Crate fekan

Source
Expand description

A library to build and train Kolmogorov-Arnold neural networks.

The fekan crate contains utilities to build and train Kolmogorov-Arnold Networks (KANs) in Rust. Of particular note:

  • the Kan struct, which represents a full KAN model
  • the train_model function, which trains a KAN model
  • the KanLayer struct, which represents a single layer of a KAN, and can be used to build full KANs or as a layer in other models

§What is a Kolmogorov-Arnold Network?

Rather than perform a weighted sum of the activations of the previous layer and passing the sum through a fixed non-linear function, each node in a KAN passes each activation from the previous layer through a different, trainable non-linear function, then sums and outputs the result. This allows the network to be more interpretable than, and in some cases be significantly more accurate with a smaller memory footprint than, traditional neural networks.

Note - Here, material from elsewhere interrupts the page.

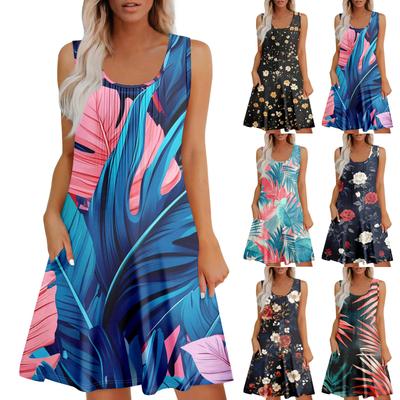 Женский повседневный сарафан с карманами, летнее пляжное платье в стиле бохо, праздничные платья для женщин, платья-майки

Because the activation of each KAN layer can not be calculated using matrix multiplication, training a KAN is currently much slower than training a traditional neural network of comparable size. It is the author’s hope, however, that the increased accuracy of KANs will allow smaller networks to be used in many cases, offsetting most increased training time; and that the interpretability of KANs will more than justify whatever aditional training time remains.

For more information on the theory behind this library and examples of problem-sets well suited to KANs, see the arXiv paper KAN: Kolmogorov-Arnold Neural Networks

§Examples

Build, train and save a full KAN regression model with a 2-dimensional input, 1 hidden layer with 3 nodes, and 1 output node, where each layer uses degree-4 B-splines with 5 coefficients (AKA control points):

use fekan::kan::{Kan, KanOptions, ModelType};
use fekan::{Sample, training_options::{TrainingOptions, EachEpoch}};
use tempfile::tempfile;



// initialize the model
let model_options = KanOptions{
    num_features: 2,
    layer_sizes: vec![3, 1],
    degree: 3,
    coef_size: 7,
    model_type: ModelType::Regression,
    class_map: None,
    embedding_options: None,
};
let mut untrained_model = Kan::new(&model_options);

// train the model
let training_data: Vec<Sample> = Vec::new();
/* Load training data */

let trained_model = fekan::train_model(untrained_model, &training_data, TrainingOptions::default())?;

// save the model
// both Kan and KanLayer implement the serde Serialize trait, so they can be saved to a file using any serde-compatible format
// here we use the ciborium crate to save the model in the CBOR format
let mut file = tempfile().unwrap();
ciborium::into_writer(&trained_model, &mut file)?;

Modules§

embedding_layer
Contains an embedding layer for optional inclusion in a KAN model.
kan
Contains the main struct of the library - Kan - which represents a full Kolmogorov-Arnold Network.
kan_layer
Contains the struct KanLayer, which represents a single layer of a Kolmogorov-Arnold Network.
layer_errors
Error types relating to the creation and manipulation of KanLayers
training_error
Contains the struct TrainingError representing an error encountered during training.
training_options
Options for training a model with crate::train_model.

Structs§

Sample
A sample of data to be used in training a model.

Functions§

preset_knot_ranges
Scan over the training data and adjust model knot ranges. This is equivalent to calling Kan::forward on each sample in the training data, then calling Kan::update_knots_from_samples with a knot_adaptivity of 0.0. This presetting helps avoid large amounts of training inputs falling outside the knot ranges, which can cause the model to fail to converge.
train_model
Train the provided model with the provided data.
validate_model
Calculates the loss of the model on the provided validation data. If the model is a classification model, the cross entropy loss is calculated. If the model is a regression model, the mean squared error is calculated.